## Your goal
Without any of its pictures, the listing below should be output exactly.

## The data
-- Opening Marker --

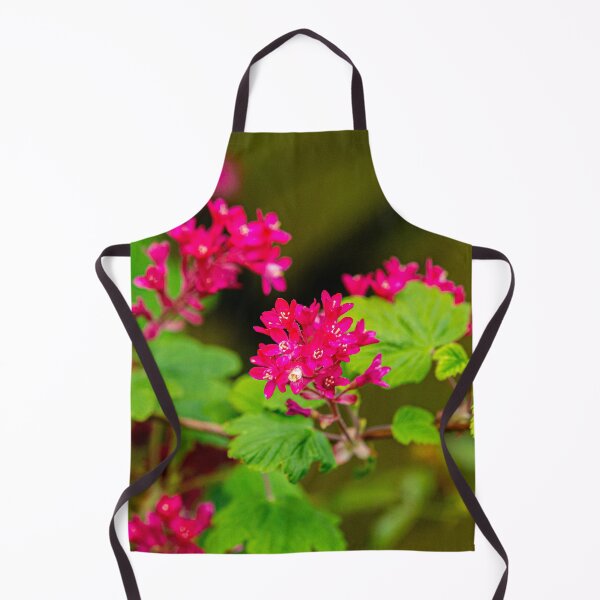 Item preview, The beautiful colours of a flowering Redcurrant designed and sold by Dalyndigital Photography.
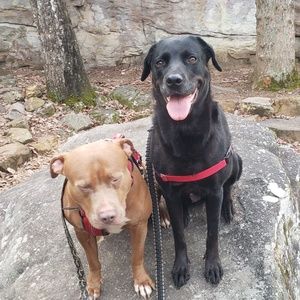 Meet your Posher, Andy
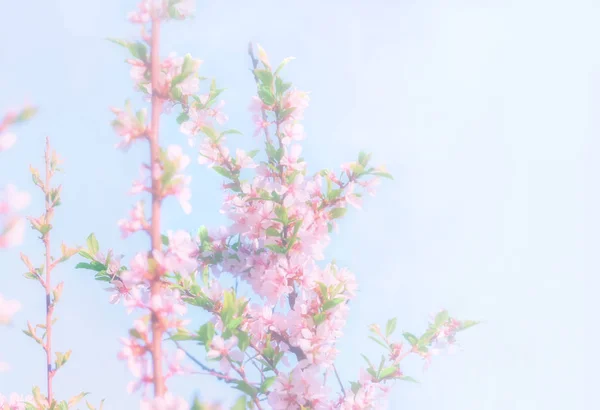 Kwiatowe tło rozmazane wiosna — Zdjęcie stockowe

-- Closing Marker --

## Written solution
 Item preview, The beautiful colours of a flowering Redcurrant designed and sold by Dalyndigital Photography.
 Meet your Posher, Andy
 Kwiatowe tło rozmazane wiosna — Zdjęcie stockowe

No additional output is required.